With the first few steps from my front door my left knee aches, jarred by the tarmacced pavement. I am going to the park. There is ten minutes of cookie cutter housing streets to walk through and a dual carriageway to cross. I am cringeing. I try and focus on some recent event my mind needs to digest, or some past happening that I’ve never managed to get my head around. This morning my mind churns over a job that I left last March. Why did I stay there so long when it kept me so small? Who was I then? What have I learnt?
When I reach the park my heart wants to walk off path but my suede boots tell me to stay off the boggy grass. I make my way to the duck pond. A couple of geese shield the fluff of their grey yellow offspring. Yesterday I came upon them unexpectedly and was met with a hiss that had me climbing a grassy bank, despite my footwear.

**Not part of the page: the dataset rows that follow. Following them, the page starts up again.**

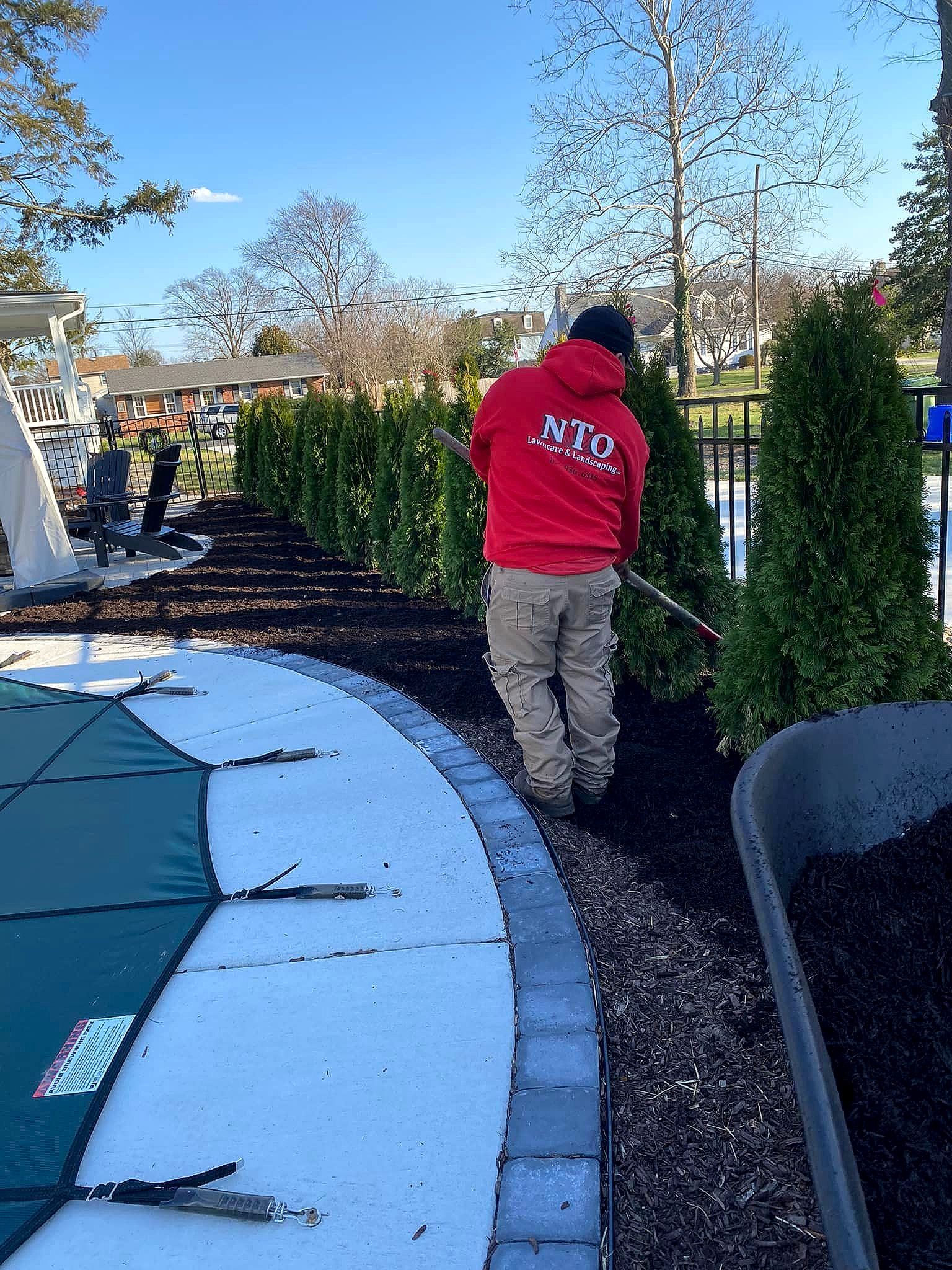 nto lawn care & landscaping employee in red hoodie raking mulch in a landscaped area next to a pool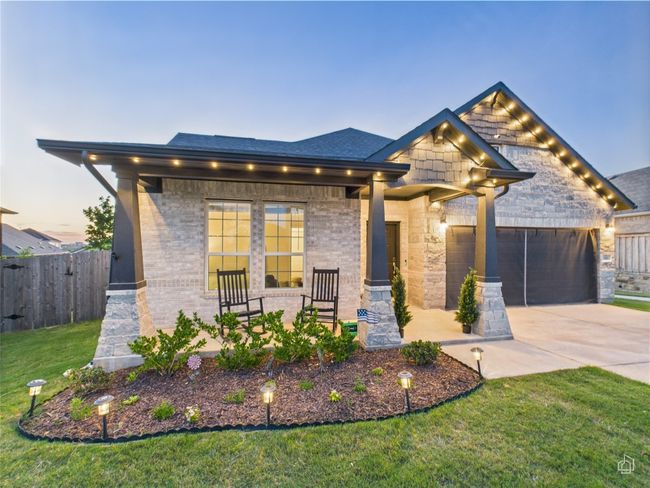 View of front facade with concrete driveway, a garage, and brick siding | Image 4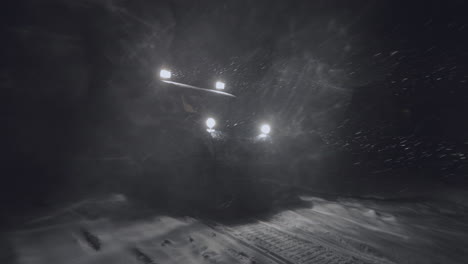 half-track driving in the night in jotunheimen in norway. the half-track has skies in front. its night and the snow are falling. filmed on a gimbal in 4k. this is a slow-motion clip.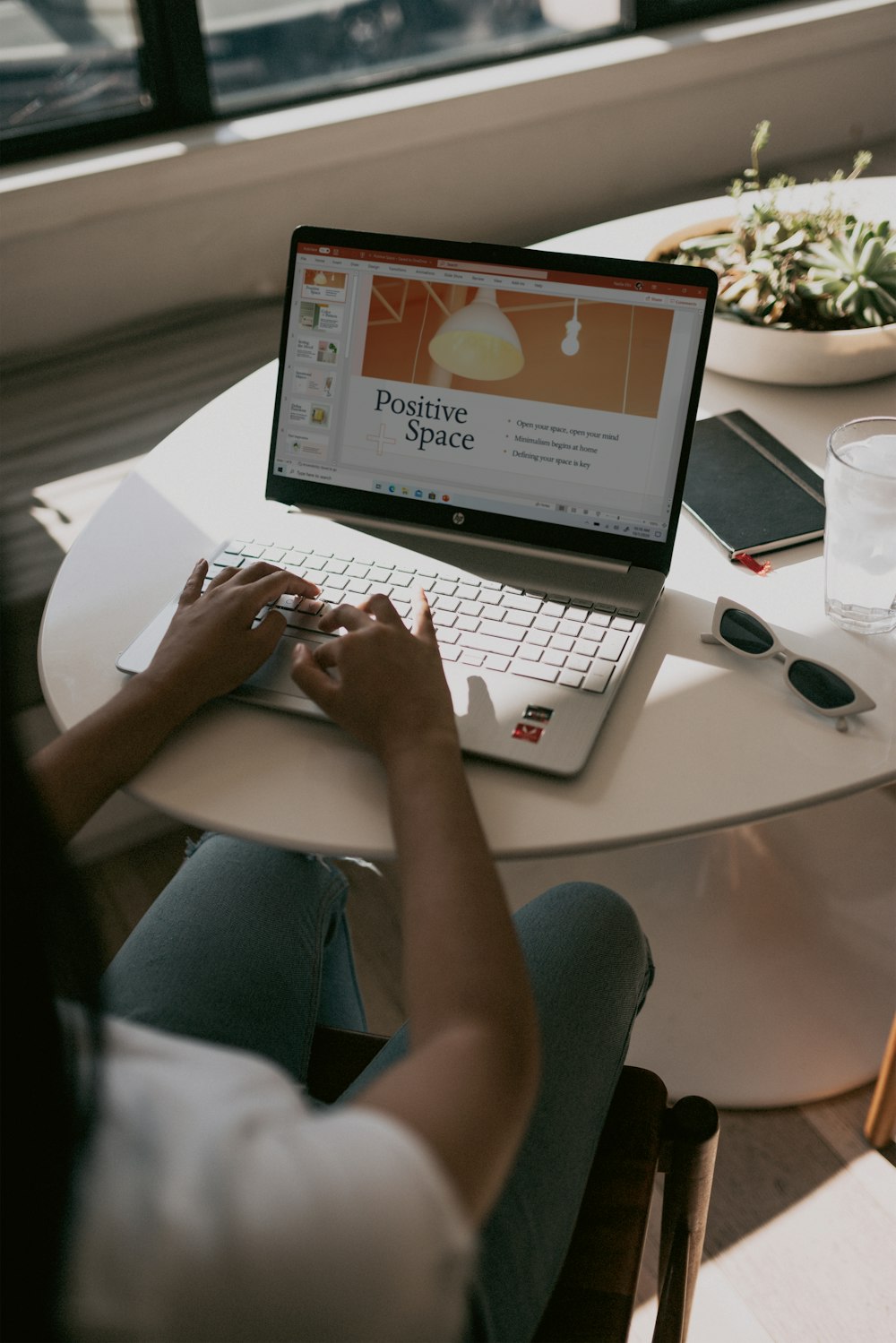 person using laptop on white table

It is the beginning of a new day but I can still see the half disc of moon behind the clouds. I am approaching my 40th birthday, my waxing, my growing outward into the world is turning. At the back of the pond there is a canopy of trees I cannot name. The wind shakes their leaves, carrying the song of birds I cannot see. Before I travelled out today, part of my mind told me that I didn’t want to go. It told me that I would be bored by it. It told me that I have taken this walk hundreds of times before, that this journey out will have nothing new to show me.

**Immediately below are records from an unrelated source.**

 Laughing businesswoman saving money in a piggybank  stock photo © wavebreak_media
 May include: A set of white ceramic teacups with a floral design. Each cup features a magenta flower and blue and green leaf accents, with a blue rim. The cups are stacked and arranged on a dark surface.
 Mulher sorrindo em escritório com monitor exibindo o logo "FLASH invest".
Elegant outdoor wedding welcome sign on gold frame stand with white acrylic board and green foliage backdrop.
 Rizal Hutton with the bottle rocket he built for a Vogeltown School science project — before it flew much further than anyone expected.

At the end of the tree canopy there is a copper beech. Its dark red leaves rustle. It makes a rosy shadow in the weak morning sunshine. My knee pain eases. I have stopped thinking about the lessons I have learnt from old employment. The wind has shook away my resistance, my self-consciousness. I have reached where I need to be this morning. I am waning now, turning back through the canopy. I am turning into myself. This is the journey home.